According to court papers filed Tuesday, she then hit Slater in the head with an overhead baggage compartment door after arguing with another passenger before the plane left Pittsburgh. When they landed at Kennedy Airport, the woman asked Slater where her bags were. She cursed at him when he said she could pick them up at the baggage carousel, Slater’s lawyer said Tuesday.
That was it for Slater, he told investigators looking into why he proceeded to swear at passengers over the plane’s intercom, grab beer from the plane’s galley, open a rear door of the aircraft and slide down an emergency chute before driving home to Belle Harbor, Queens.
In a written report to Port Authority police officers after his arrest, Slater told investigators the passenger “opened a bin door, hitting me on the head without apologizing.”
Port Authority police arrested him at his home Monday. He was released on $2,500 bail Tuesday night after being arraigned earlier in the day in Kew Gardens.
Slater, 38, has been removed from duty pending an investigation, The Associated Press reported Tuesday.

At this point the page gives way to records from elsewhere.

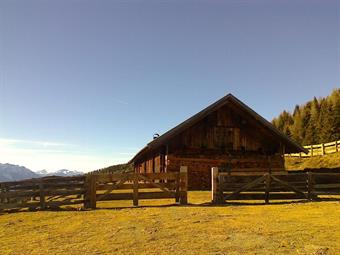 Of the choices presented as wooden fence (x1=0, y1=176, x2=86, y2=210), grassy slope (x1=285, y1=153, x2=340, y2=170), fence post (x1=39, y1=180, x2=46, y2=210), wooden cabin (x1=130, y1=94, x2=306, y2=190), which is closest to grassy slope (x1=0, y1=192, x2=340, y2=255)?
fence post (x1=39, y1=180, x2=46, y2=210)

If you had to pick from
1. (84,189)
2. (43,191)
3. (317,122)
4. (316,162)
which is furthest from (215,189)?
(317,122)

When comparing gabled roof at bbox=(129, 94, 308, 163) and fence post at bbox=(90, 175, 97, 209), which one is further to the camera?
gabled roof at bbox=(129, 94, 308, 163)

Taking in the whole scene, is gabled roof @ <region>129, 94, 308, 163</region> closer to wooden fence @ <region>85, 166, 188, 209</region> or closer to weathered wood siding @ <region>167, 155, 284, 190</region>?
weathered wood siding @ <region>167, 155, 284, 190</region>

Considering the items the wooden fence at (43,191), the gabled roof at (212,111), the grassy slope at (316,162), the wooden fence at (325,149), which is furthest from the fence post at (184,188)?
the wooden fence at (325,149)

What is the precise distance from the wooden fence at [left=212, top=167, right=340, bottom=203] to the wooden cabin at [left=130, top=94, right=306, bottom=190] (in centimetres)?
807

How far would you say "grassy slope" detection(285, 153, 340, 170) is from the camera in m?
41.7

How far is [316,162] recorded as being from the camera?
147 ft

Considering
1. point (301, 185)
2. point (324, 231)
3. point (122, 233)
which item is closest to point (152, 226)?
point (122, 233)

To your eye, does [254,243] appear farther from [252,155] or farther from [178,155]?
[252,155]

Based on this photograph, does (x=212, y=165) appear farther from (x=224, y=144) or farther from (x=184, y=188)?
(x=184, y=188)

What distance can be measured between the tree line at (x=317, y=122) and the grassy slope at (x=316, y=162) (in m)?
9.61

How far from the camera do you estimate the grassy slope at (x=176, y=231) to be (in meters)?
7.98

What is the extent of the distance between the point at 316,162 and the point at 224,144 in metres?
22.8

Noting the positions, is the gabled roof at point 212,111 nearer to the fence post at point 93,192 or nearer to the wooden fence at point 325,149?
the fence post at point 93,192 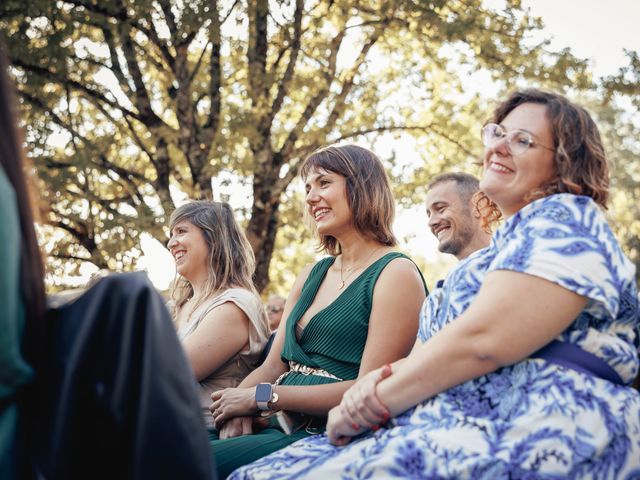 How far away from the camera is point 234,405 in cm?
318

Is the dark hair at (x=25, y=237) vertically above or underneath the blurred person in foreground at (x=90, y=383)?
above

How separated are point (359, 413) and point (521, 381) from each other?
0.48m

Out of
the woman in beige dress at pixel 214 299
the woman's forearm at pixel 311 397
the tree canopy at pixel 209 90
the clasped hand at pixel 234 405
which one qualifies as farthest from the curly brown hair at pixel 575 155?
the tree canopy at pixel 209 90

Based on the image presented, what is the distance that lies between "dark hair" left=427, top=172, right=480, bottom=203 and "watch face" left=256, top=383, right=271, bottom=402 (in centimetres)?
219

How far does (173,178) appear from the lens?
10688mm

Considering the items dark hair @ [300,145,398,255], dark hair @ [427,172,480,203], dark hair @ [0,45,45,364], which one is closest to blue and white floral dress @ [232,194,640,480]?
dark hair @ [0,45,45,364]

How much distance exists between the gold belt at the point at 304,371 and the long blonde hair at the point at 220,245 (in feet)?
2.83

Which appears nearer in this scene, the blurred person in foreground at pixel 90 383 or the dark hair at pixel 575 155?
the blurred person in foreground at pixel 90 383

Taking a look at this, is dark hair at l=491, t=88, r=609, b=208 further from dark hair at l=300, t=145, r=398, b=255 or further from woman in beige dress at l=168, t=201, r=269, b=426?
woman in beige dress at l=168, t=201, r=269, b=426

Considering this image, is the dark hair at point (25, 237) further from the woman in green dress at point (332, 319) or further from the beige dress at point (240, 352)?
the beige dress at point (240, 352)

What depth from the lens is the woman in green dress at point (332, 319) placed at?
2988 mm

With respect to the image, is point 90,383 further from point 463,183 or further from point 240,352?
point 463,183

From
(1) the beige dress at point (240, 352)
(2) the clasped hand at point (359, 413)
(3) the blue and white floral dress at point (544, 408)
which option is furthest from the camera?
(1) the beige dress at point (240, 352)

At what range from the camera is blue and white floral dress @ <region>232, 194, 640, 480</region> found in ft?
6.07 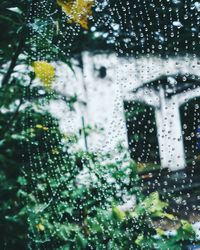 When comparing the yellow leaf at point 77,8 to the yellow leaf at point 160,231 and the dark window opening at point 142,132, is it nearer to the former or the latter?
the dark window opening at point 142,132

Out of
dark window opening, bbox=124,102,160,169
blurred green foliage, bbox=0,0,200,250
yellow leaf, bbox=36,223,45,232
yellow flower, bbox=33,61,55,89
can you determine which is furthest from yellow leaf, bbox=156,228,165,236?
yellow flower, bbox=33,61,55,89

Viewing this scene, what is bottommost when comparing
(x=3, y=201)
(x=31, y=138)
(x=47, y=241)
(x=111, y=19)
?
(x=47, y=241)

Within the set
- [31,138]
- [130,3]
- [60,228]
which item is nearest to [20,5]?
[130,3]

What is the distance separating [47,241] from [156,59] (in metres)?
0.56

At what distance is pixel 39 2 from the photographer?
67 centimetres

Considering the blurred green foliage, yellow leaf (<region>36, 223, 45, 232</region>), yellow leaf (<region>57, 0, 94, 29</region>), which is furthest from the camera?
yellow leaf (<region>36, 223, 45, 232</region>)

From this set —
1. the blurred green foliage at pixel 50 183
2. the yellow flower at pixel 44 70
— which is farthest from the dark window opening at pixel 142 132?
the yellow flower at pixel 44 70

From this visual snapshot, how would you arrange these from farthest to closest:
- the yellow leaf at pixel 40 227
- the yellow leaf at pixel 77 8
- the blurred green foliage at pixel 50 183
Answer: the yellow leaf at pixel 40 227
the blurred green foliage at pixel 50 183
the yellow leaf at pixel 77 8

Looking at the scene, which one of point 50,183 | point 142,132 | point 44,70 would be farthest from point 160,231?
point 44,70

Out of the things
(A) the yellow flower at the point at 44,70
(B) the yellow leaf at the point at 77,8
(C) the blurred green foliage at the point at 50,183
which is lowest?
(C) the blurred green foliage at the point at 50,183

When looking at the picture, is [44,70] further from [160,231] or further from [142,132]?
[160,231]

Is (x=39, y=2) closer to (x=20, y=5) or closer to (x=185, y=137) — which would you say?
(x=20, y=5)

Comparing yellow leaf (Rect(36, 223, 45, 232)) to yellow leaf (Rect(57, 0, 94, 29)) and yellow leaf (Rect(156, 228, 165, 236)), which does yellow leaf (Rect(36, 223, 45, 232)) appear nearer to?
yellow leaf (Rect(156, 228, 165, 236))

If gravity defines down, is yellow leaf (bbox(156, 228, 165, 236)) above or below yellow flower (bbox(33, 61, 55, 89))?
below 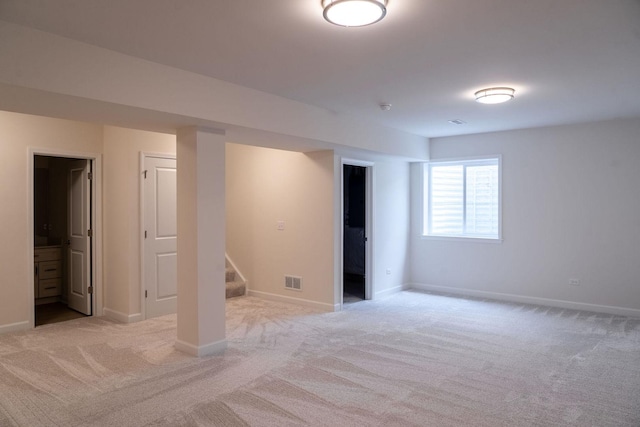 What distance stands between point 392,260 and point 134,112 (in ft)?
15.4

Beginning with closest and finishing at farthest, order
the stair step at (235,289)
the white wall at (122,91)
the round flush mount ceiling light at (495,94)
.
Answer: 1. the white wall at (122,91)
2. the round flush mount ceiling light at (495,94)
3. the stair step at (235,289)

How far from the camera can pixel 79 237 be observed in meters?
5.63

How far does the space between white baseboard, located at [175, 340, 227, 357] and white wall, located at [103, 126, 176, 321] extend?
1376 mm

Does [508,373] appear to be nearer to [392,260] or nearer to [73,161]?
[392,260]

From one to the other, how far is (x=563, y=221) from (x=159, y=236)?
17.6 feet

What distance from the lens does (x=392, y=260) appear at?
699 centimetres

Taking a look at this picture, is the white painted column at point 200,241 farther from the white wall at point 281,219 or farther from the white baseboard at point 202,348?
the white wall at point 281,219

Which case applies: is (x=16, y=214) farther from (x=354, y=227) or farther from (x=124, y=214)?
(x=354, y=227)

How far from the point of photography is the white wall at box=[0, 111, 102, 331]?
4.71 m

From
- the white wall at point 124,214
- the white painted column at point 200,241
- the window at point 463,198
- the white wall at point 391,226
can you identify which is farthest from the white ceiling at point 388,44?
the white wall at point 391,226

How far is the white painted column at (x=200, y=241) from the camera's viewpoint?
3988 millimetres

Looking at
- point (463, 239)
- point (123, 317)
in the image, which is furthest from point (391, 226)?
point (123, 317)

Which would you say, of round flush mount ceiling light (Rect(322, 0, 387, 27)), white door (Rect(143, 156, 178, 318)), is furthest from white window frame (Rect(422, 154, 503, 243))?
round flush mount ceiling light (Rect(322, 0, 387, 27))

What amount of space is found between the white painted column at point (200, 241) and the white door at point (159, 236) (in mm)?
1363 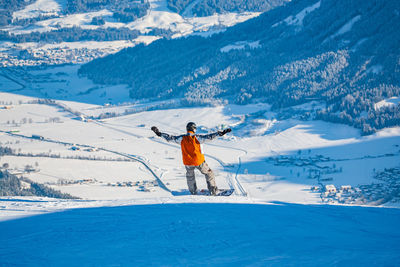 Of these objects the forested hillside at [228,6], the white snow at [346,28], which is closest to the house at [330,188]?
the white snow at [346,28]

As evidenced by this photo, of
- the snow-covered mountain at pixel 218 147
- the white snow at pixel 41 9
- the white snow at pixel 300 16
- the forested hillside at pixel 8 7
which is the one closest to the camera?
the snow-covered mountain at pixel 218 147

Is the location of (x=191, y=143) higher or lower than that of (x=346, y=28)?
lower

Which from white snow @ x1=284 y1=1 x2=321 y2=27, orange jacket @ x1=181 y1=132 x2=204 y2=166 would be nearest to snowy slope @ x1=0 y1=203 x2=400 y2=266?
orange jacket @ x1=181 y1=132 x2=204 y2=166

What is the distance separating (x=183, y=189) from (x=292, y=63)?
65788 millimetres

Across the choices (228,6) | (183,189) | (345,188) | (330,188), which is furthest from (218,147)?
(228,6)

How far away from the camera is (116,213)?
1302cm

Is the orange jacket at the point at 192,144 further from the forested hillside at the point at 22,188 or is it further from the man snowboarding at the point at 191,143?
the forested hillside at the point at 22,188

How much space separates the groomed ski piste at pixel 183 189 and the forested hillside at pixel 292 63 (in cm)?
472

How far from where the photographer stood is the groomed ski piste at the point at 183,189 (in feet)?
32.7

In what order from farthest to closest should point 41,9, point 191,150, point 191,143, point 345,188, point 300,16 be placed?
point 41,9
point 300,16
point 345,188
point 191,150
point 191,143

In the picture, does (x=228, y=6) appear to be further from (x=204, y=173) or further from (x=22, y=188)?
(x=204, y=173)

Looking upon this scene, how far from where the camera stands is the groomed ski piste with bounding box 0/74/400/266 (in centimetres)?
998

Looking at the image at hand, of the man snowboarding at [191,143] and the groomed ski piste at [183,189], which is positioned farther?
the man snowboarding at [191,143]

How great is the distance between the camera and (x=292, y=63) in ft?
269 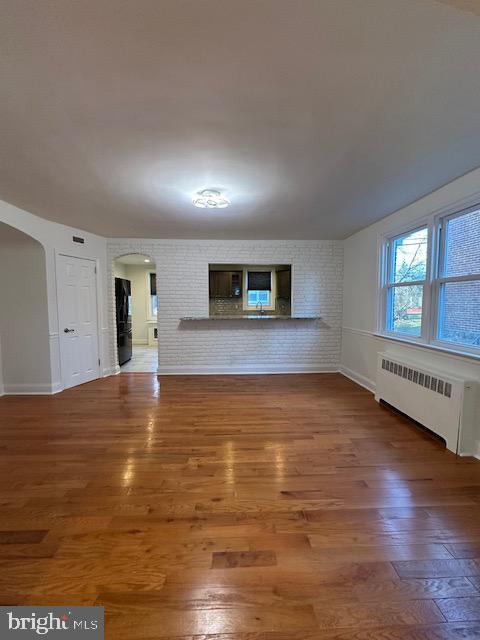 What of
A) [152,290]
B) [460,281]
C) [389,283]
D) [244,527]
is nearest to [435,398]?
[460,281]

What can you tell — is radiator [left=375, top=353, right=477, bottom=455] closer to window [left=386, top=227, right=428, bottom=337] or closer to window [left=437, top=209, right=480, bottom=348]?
window [left=437, top=209, right=480, bottom=348]

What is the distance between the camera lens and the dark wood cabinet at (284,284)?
5516mm

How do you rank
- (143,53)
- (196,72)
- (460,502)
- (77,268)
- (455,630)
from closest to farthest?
(455,630) → (143,53) → (196,72) → (460,502) → (77,268)

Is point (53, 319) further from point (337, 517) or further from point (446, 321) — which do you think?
point (446, 321)

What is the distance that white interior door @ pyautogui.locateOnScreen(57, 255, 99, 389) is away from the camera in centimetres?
428

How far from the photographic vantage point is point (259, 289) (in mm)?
6227

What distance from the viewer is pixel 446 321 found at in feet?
9.68

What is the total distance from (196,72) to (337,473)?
2.72 meters

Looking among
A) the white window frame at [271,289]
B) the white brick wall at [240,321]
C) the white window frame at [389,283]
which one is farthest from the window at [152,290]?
the white window frame at [389,283]

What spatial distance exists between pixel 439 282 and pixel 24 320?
5376 mm

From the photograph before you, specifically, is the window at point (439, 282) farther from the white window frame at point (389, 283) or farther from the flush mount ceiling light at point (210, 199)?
the flush mount ceiling light at point (210, 199)

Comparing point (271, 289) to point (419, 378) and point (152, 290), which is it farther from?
point (152, 290)

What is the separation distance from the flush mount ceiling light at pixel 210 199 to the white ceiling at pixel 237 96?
131mm

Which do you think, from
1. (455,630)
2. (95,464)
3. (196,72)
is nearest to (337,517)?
(455,630) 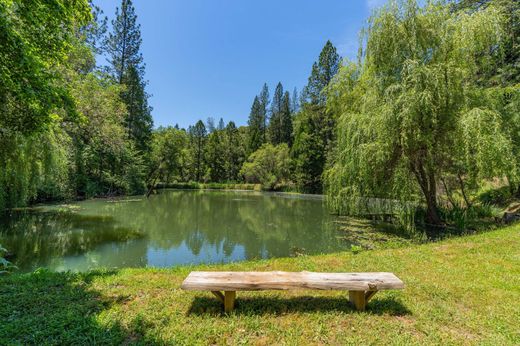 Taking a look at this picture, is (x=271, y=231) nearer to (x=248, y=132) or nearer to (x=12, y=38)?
(x=12, y=38)

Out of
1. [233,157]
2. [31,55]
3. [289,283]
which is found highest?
[233,157]

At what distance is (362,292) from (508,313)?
145 cm

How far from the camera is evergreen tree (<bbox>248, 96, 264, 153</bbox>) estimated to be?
40.8 metres

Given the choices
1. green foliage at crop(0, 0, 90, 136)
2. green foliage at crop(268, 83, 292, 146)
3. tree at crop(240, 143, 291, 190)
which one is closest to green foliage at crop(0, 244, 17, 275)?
green foliage at crop(0, 0, 90, 136)

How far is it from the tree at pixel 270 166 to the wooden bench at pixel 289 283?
2793cm

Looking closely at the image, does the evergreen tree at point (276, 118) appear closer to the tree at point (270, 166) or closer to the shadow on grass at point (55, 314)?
the tree at point (270, 166)

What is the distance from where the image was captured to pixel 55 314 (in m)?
2.60

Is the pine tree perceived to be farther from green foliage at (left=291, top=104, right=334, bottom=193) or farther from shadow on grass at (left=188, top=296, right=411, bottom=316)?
shadow on grass at (left=188, top=296, right=411, bottom=316)

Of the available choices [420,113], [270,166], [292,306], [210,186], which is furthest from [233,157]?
[292,306]

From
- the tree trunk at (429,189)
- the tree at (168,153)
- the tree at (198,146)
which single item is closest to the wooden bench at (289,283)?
the tree trunk at (429,189)

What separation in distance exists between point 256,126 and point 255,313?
40930mm

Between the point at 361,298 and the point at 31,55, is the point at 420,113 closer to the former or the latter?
the point at 361,298

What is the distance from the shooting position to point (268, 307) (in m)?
2.84

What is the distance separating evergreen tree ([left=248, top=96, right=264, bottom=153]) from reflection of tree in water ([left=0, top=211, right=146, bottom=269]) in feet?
100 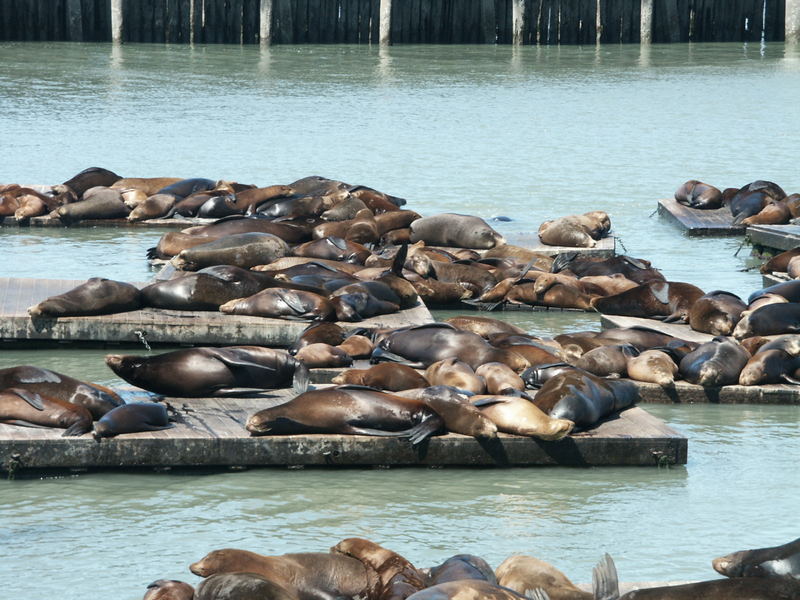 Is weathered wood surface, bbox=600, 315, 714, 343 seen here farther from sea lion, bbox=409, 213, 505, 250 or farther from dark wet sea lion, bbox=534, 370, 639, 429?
sea lion, bbox=409, 213, 505, 250

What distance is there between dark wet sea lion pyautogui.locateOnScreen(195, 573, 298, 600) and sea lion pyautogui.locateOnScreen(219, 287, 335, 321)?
15.3ft

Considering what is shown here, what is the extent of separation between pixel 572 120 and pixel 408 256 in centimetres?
1338

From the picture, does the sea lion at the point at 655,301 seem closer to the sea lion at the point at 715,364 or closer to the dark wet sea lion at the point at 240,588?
the sea lion at the point at 715,364

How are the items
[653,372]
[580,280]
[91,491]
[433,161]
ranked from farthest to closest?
[433,161]
[580,280]
[653,372]
[91,491]

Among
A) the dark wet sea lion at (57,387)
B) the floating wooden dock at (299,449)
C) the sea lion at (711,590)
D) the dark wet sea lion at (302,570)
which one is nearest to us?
the sea lion at (711,590)

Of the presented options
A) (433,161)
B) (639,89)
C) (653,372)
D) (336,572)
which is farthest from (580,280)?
(639,89)

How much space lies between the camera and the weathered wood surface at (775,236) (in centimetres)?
1221

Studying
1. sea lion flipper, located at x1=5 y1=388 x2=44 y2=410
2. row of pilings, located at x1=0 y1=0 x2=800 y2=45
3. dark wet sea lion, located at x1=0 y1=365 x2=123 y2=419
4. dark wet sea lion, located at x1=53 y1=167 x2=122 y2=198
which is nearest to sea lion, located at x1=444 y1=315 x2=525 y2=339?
dark wet sea lion, located at x1=0 y1=365 x2=123 y2=419

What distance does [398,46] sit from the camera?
34125 mm

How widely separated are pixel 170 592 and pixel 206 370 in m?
2.83

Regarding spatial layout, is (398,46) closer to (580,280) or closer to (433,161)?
(433,161)

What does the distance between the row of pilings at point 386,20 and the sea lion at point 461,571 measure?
29.0 m

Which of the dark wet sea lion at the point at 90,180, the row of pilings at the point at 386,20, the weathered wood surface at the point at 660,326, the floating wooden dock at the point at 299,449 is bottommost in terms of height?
the floating wooden dock at the point at 299,449

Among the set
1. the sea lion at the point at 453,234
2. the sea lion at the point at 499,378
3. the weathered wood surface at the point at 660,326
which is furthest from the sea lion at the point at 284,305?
the sea lion at the point at 453,234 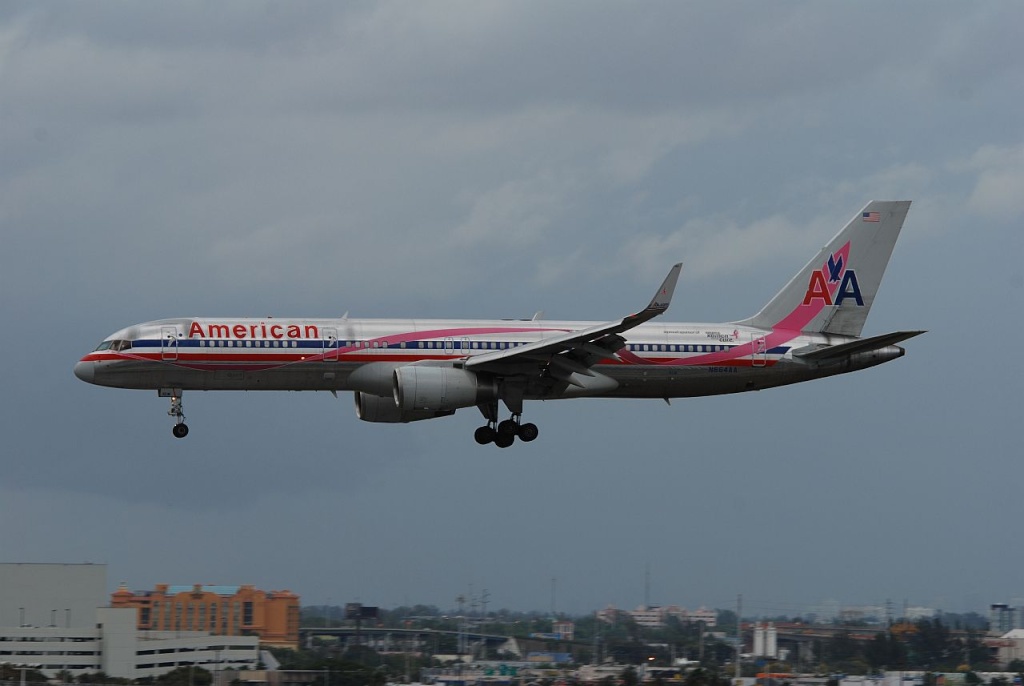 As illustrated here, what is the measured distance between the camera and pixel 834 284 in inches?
2311

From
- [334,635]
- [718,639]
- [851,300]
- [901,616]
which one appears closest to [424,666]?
[334,635]

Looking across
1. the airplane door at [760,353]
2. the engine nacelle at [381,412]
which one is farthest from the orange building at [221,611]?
the airplane door at [760,353]

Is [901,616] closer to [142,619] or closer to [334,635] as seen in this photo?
[334,635]

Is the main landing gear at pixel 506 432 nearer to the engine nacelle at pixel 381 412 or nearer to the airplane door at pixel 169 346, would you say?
the engine nacelle at pixel 381 412

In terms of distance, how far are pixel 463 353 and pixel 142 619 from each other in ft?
126

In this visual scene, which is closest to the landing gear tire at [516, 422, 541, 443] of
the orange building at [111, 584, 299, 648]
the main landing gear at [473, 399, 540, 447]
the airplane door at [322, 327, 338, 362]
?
the main landing gear at [473, 399, 540, 447]

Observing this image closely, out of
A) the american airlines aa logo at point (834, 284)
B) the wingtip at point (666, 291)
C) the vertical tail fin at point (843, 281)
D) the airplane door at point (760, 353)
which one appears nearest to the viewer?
the wingtip at point (666, 291)

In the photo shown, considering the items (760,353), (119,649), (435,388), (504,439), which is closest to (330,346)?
(435,388)

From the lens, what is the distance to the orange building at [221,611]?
78.1 m

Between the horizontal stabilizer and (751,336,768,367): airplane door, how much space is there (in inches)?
52.8

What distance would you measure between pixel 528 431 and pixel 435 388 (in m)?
5.35

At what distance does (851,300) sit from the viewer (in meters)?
58.6

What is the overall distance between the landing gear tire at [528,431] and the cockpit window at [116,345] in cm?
1539

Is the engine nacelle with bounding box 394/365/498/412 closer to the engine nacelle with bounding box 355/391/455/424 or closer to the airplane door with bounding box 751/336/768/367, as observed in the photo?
the engine nacelle with bounding box 355/391/455/424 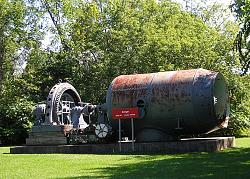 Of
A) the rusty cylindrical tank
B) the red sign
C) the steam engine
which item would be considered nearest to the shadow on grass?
the rusty cylindrical tank

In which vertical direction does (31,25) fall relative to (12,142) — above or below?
above

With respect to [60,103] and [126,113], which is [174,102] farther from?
[60,103]

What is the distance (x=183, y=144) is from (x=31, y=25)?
28.9 meters

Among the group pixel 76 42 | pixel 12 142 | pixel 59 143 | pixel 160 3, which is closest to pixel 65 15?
pixel 76 42

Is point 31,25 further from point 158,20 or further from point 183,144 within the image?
point 183,144

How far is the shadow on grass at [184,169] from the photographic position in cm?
1151

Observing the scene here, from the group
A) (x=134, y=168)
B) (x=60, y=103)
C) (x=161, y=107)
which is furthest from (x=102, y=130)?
(x=134, y=168)

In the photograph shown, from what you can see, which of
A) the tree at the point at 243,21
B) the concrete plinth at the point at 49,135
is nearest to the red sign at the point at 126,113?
the concrete plinth at the point at 49,135

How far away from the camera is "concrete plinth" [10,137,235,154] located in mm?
18734

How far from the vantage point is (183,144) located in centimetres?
1891

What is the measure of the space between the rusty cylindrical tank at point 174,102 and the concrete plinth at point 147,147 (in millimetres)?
853

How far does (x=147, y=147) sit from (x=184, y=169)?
6.67m

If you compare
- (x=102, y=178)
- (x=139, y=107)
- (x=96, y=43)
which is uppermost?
(x=96, y=43)

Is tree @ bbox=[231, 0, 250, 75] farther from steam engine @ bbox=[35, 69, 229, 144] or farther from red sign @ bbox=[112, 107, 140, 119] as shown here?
red sign @ bbox=[112, 107, 140, 119] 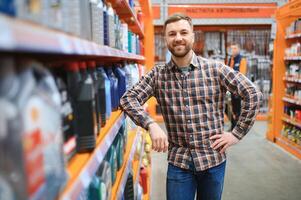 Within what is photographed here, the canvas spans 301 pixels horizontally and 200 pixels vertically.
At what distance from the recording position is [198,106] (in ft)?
6.89

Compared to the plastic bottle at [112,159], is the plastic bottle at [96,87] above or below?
above

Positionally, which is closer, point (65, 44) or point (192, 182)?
point (65, 44)

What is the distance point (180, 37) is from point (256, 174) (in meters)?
2.99

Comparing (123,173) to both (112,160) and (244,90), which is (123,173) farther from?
→ (244,90)

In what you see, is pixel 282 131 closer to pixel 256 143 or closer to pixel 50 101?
pixel 256 143

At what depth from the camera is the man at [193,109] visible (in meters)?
2.09

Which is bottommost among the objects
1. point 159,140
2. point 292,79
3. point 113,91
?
point 159,140

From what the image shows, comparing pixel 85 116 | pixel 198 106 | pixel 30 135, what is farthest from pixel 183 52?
pixel 30 135

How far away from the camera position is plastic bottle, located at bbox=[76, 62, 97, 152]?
45.9 inches

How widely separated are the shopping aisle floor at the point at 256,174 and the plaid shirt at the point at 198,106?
1.73 meters

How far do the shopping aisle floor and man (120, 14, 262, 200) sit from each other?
1646mm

Slater admitted to investigators that he grabbed the airplane’s public address microphone before making his escape.
Passengers interviewed after the incident said Slater’s public address diatribe was laced with profanity, according to court papers. “Of you who have shown dignity and respect these last 20 years, thanks for a great ride,” Slater told passengers on JetBlue Flight 1052 as it sat at a gate after its arrival from Pittsburgh, the court papers stated.
Next, Slater told investigators he looked out of the jet’s port hole, and seeing no one below, pulled the door handle that inflated the slide. He said he took his baggage and slid to the ground, court records state.
Slater then caught an AirTrain shuttle to the employee parking lot and drove home.
Passenger Phil Catelinet said he saw Slater afterward at the airport’s AirTrain terminal and that he seemed “happy.”
Catelinet said “passengers were stunned, dumbfounded, surprised. I thought it was kind of funny.”
Tuesday, Slater’s attorney, Howard Turman of the Legal Aid Society, said his client wasn’t guilty of the charges of reckless endangerment and criminal mischief.
The charges stem from the deployment of the chute, not from any conflict with passengers, according to court records.
Prosecutors said the slide could have caused “serious physical injury or death” if it had struck someone working under the aircraft. Slater, a flight attendant since he was 19, checked to make certain that there was no one on the ground when the slide deployed, his lawyer said.
“No one was endangered,” Turman said.
The woman, whose identity wasn’t released by authorities, continued to seethe throughout the flight after being told to store her carry-on, Turman said. When Slater told her it could be picked up at a baggage carousel, the woman started screaming and cursing, Turman said.
“There was no altercation,” Turman said. “He did not fight with the passenger.”